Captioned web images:
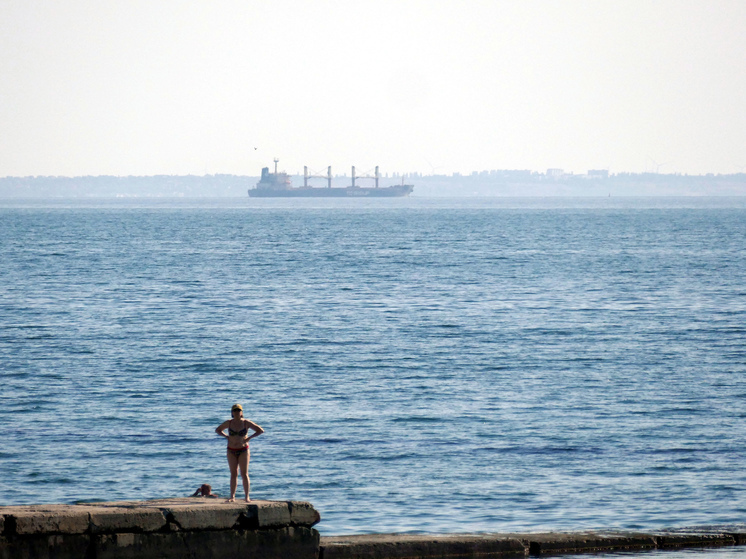 Ночью Одессу навестили российские беспилотники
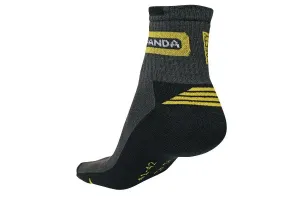 WASAT PANDA ponožky biela č. 39-40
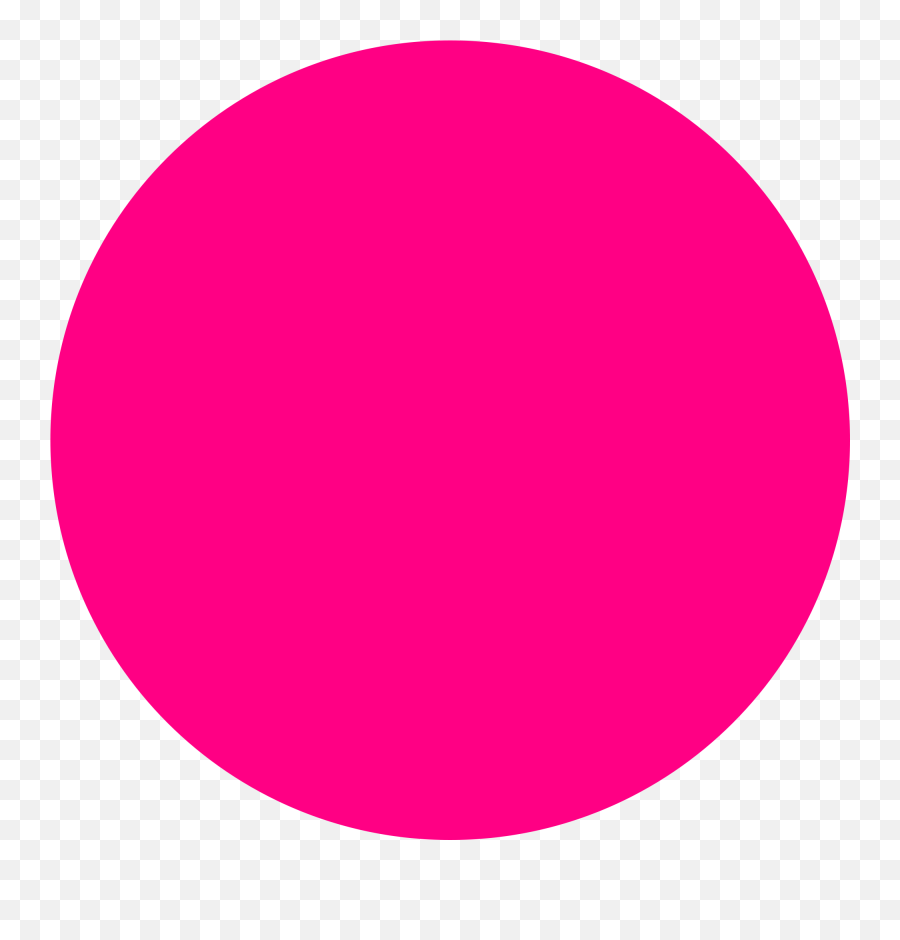 Circle Clipart Pink - Circle Png,Dotted Circle Png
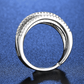Justerbar Flerbandig Crossover-Ring
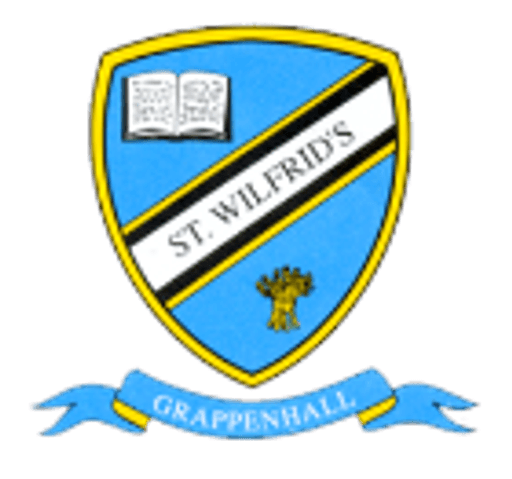 Grappenhall St Wilfrid's CofE Primary School logo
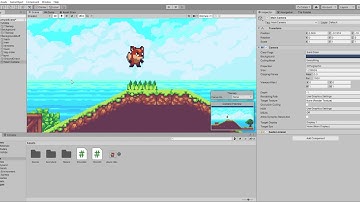 Learning 2D games   SampleScene PC, Mac & Linux Standalone Unity 2019 4 2f1 Personal   DX11  2020 07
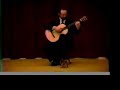 Prelude No. 5 by Villa-Lobos played in 1985 by Nelson Amos Prelude No. 5 by Villa-Lobos played in 1985 by Nelson Amos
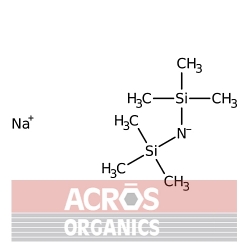 Bis (trimetylosililo) amid sodu, czysty, 2M roztwór w THF, AcroSeal® [1070-89-9]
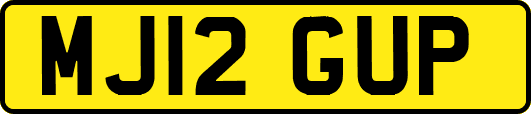 MJ12GUP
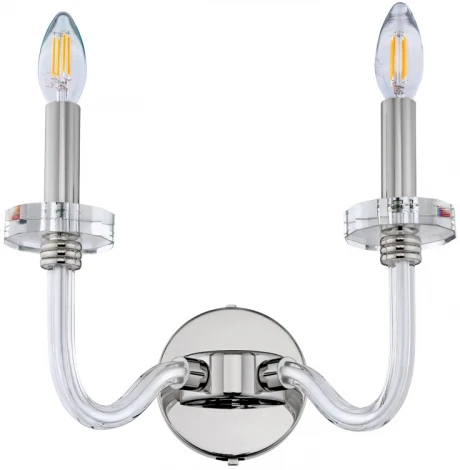 Бра Nowodvorski Hampton 8155 (220V, свеча)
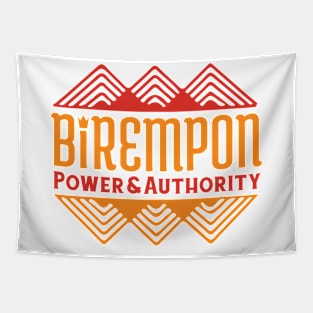 Birempon Quote Tapestry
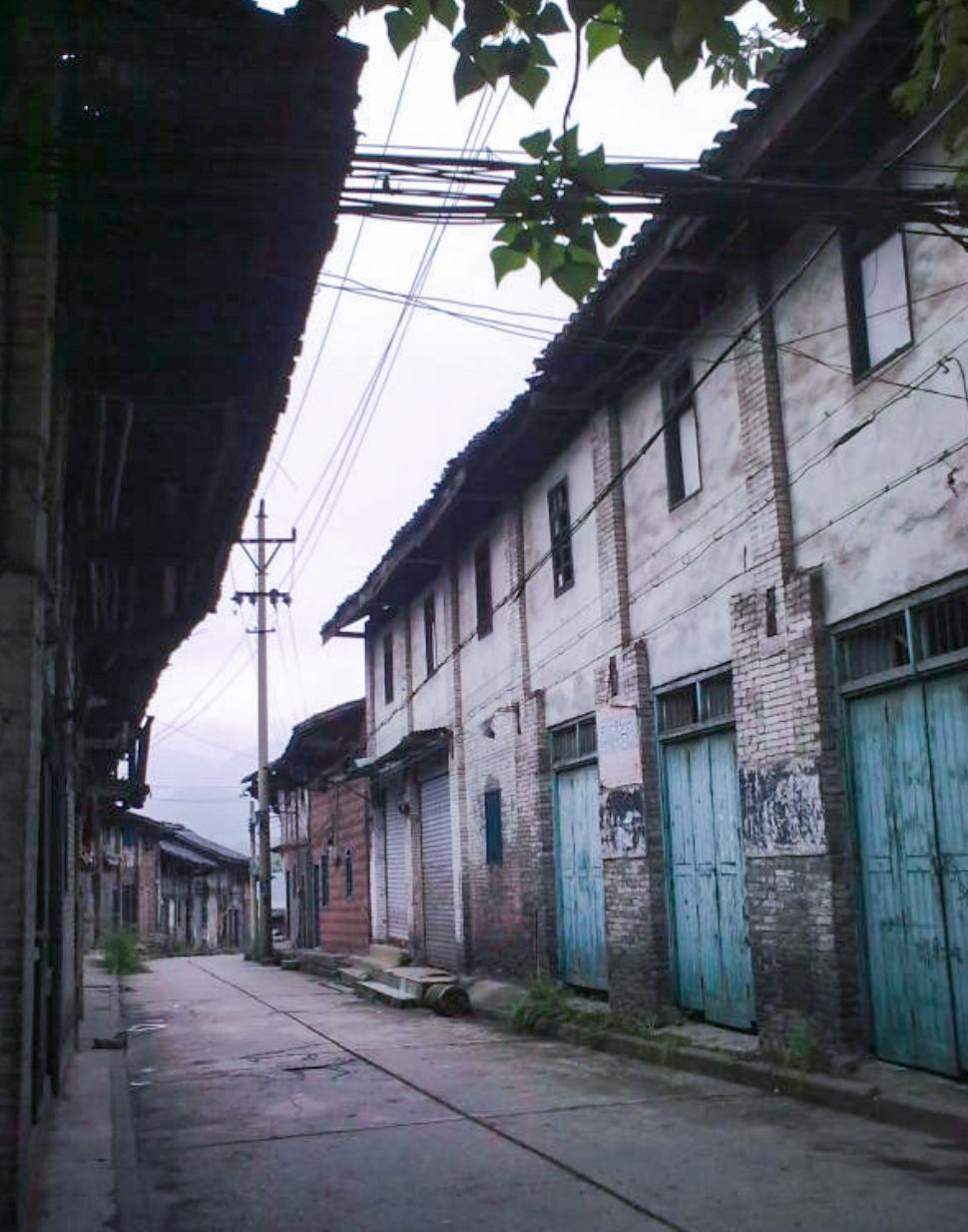 渝北的古镇,千年古镇重庆渝北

Task to complete: Reproduce only the lines from the beginning of the data through the line that contains "Learning 2D games", both included, and please drop the pictures.

Solution:
 Ночью Одессу навестили российские беспилотники
 WASAT PANDA ponožky biela č. 39-40
 Circle Clipart Pink - Circle Png,Dotted Circle Png
Justerbar Flerbandig Crossover-Ring
 Grappenhall St Wilfrid's CofE Primary School logo
 Learning 2D games   SampleScene PC, Mac & Linux Standalone Unity 2019 4 2f1 Personal   DX11  2020 07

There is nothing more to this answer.